Saved data entries:
━━━

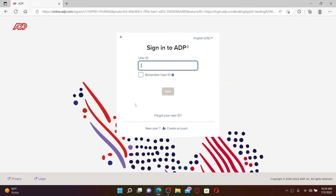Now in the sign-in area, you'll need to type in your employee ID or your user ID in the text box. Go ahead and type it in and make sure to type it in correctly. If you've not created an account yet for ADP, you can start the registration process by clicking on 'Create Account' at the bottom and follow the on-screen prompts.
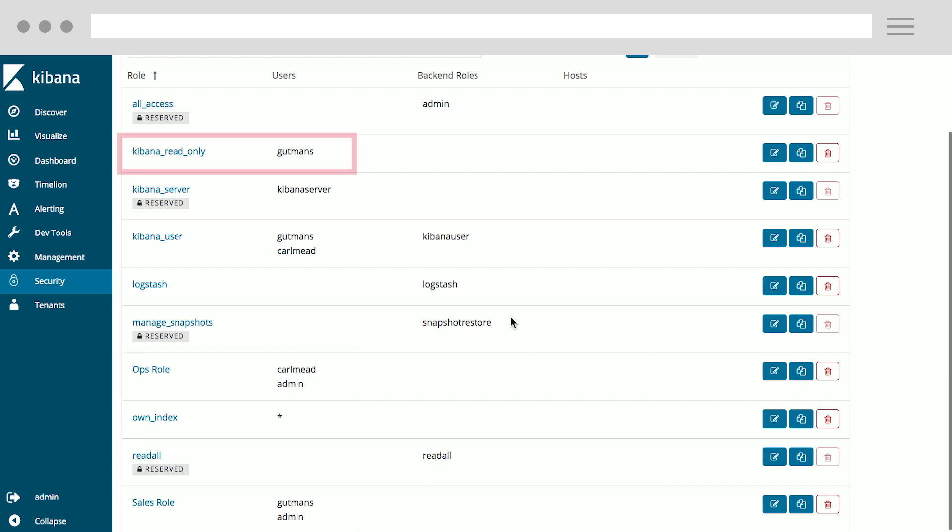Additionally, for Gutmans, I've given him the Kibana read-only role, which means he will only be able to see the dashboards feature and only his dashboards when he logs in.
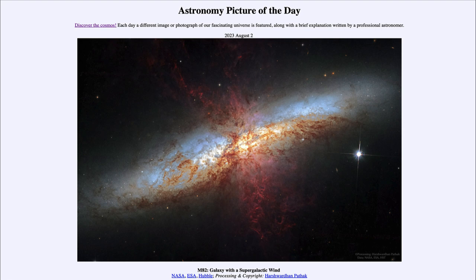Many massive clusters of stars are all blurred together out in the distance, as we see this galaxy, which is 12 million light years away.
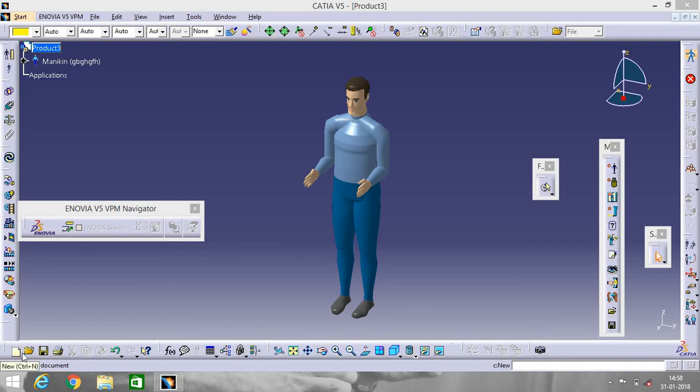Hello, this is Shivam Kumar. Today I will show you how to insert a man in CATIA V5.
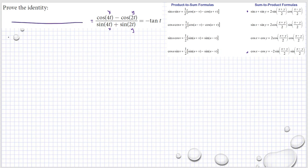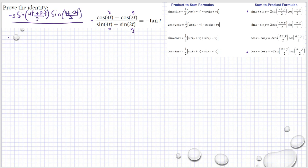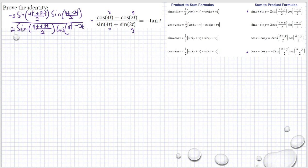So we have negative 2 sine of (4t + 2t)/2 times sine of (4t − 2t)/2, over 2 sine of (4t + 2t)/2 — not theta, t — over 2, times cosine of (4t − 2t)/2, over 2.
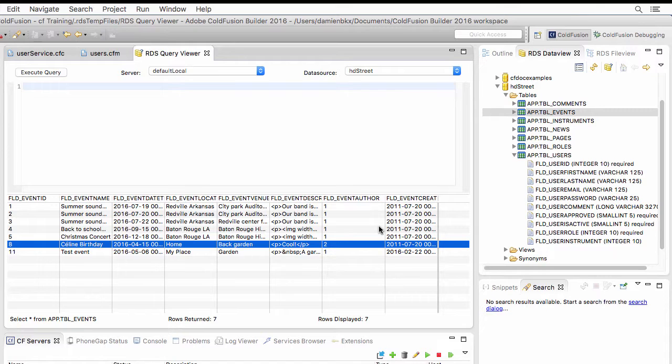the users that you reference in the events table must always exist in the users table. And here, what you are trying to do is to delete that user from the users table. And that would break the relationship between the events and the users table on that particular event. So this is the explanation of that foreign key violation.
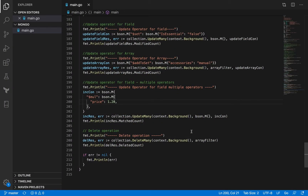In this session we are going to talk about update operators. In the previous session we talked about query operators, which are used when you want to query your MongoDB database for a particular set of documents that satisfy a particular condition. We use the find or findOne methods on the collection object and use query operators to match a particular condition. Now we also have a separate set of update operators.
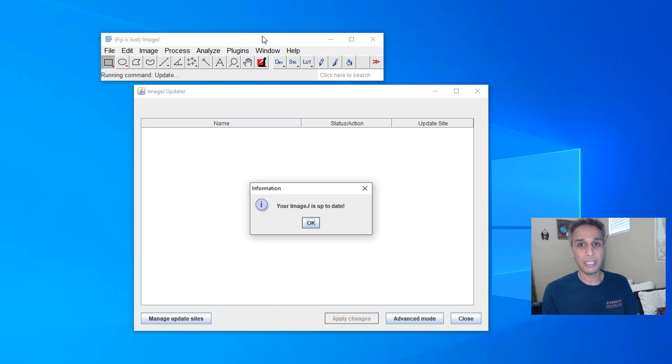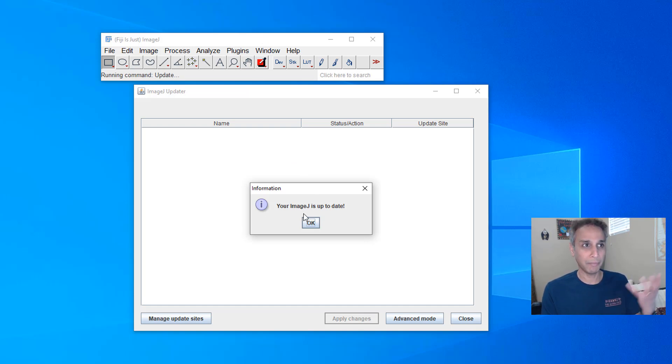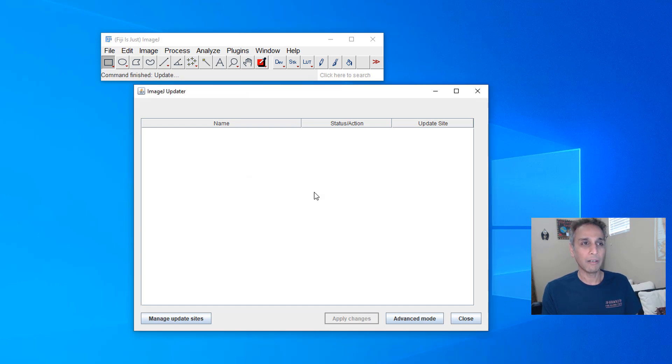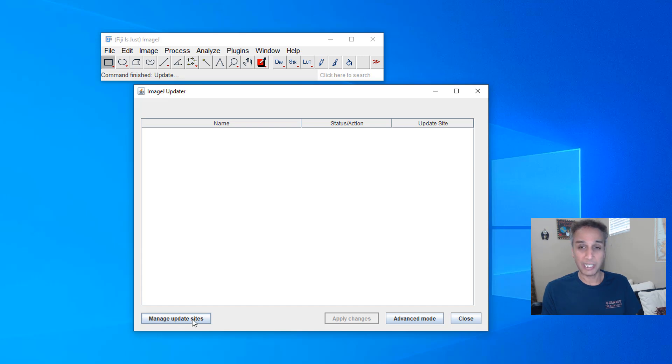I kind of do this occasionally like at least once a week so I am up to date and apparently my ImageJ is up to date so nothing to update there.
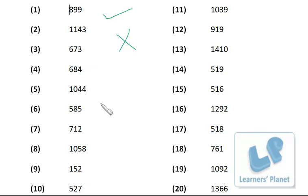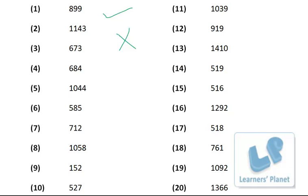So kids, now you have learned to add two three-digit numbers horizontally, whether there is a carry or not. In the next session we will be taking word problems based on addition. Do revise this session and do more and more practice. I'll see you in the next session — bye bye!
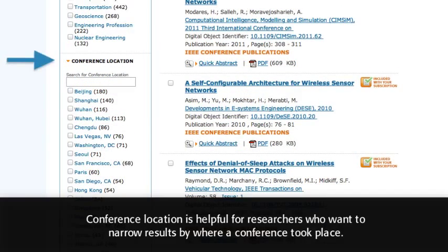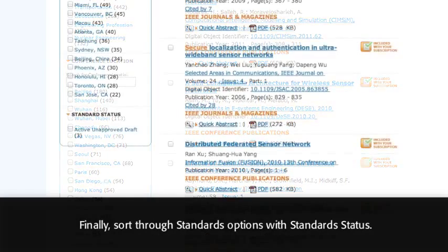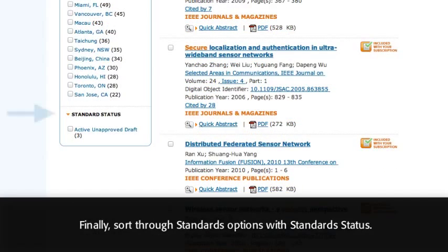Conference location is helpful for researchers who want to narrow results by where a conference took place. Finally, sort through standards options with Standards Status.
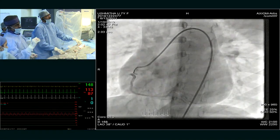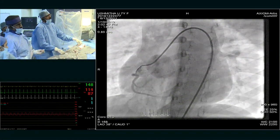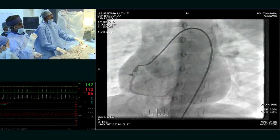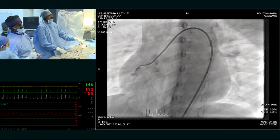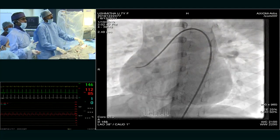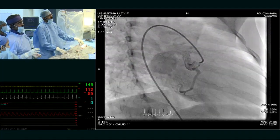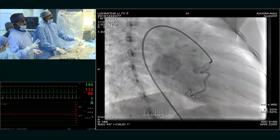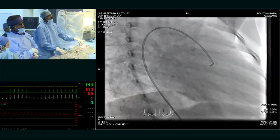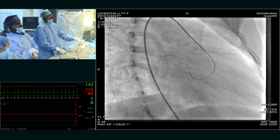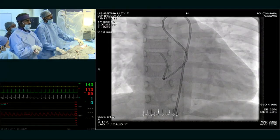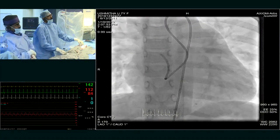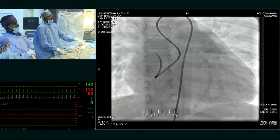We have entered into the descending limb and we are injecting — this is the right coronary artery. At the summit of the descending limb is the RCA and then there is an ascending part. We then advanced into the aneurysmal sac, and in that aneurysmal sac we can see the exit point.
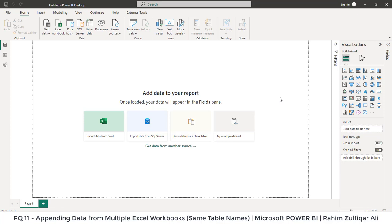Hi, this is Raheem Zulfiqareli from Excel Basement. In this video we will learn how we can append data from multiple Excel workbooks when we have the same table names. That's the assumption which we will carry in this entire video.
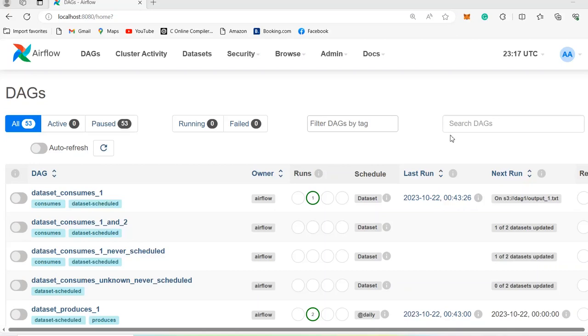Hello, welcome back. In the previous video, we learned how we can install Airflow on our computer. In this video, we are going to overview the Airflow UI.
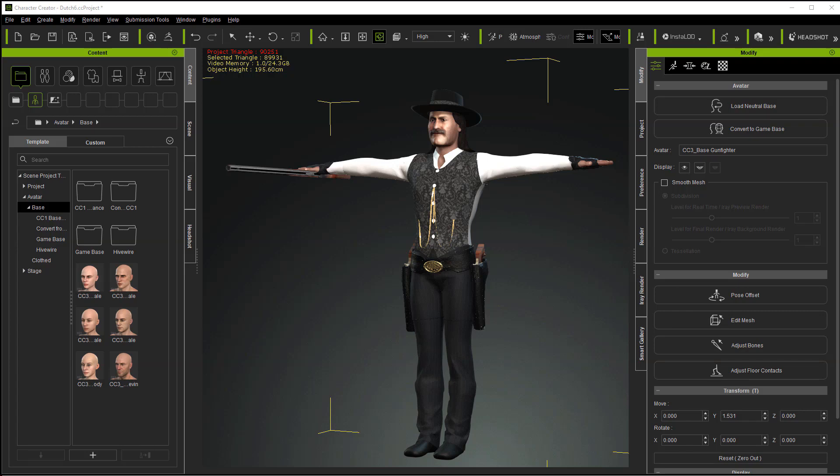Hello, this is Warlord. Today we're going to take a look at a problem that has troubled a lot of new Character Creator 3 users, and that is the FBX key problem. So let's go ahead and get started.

━━━

## WORK ORDER
Give back the records above exactly. Pictures stay out.

## OUTPUT OF THE TASK
Now in the sign-in area, you'll need to type in your employee ID or your user ID in the text box. Go ahead and type it in and make sure to type it in correctly. If you've not created an account yet for ADP, you can start the registration process by clicking on 'Create Account' at the bottom and follow the on-screen prompts.
Additionally, for Gutmans, I've given him the Kibana read-only role, which means he will only be able to see the dashboards feature and only his dashboards when he logs in.
Many massive clusters of stars are all blurred together out in the distance, as we see this galaxy, which is 12 million light years away.
Hello, this is Shivam Kumar. Today I will show you how to insert a man in CATIA V5.
So we have negative 2 sine of (4t + 2t)/2 times sine of (4t − 2t)/2, over 2 sine of (4t + 2t)/2 — not theta, t — over 2, times cosine of (4t − 2t)/2, over 2.
the users that you reference in the events table must always exist in the users table. And here, what you are trying to do is to delete that user from the users table. And that would break the relationship between the events and the users table on that particular event. So this is the explanation of that foreign key violation.
In this session we are going to talk about update operators. In the previous session we talked about query operators, which are used when you want to query your MongoDB database for a particular set of documents that satisfy a particular condition. We use the find or findOne methods on the collection object and use query operators to match a particular condition. Now we also have a separate set of update operators.
I kind of do this occasionally like at least once a week so I am up to date and apparently my ImageJ is up to date so nothing to update there.
So kids, now you have learned to add two three-digit numbers horizontally, whether there is a carry or not. In the next session we will be taking word problems based on addition. Do revise this session and do more and more practice. I'll see you in the next session — bye bye!
Conference location is helpful for researchers who want to narrow results by where a conference took place. Finally, sort through standards options with Standards Status.
We have entered into the descending limb and we are injecting — this is the right coronary artery. At the summit of the descending limb is the RCA and then there is an ascending part. We then advanced into the aneurysmal sac, and in that aneurysmal sac we can see the exit point.
Hi, this is Raheem Zulfiqareli from Excel Basement. In this video we will learn how we can append data from multiple Excel workbooks when we have the same table names. That's the assumption which we will carry in this entire video.
Hello, welcome back. In the previous video, we learned how we can install Airflow on our computer. In this video, we are going to overview the Airflow UI.
Hello, this is Warlord. Today we're going to take a look at a problem that has troubled a lot of new Character Creator 3 users, and that is the FBX key problem. So let's go ahead and get started.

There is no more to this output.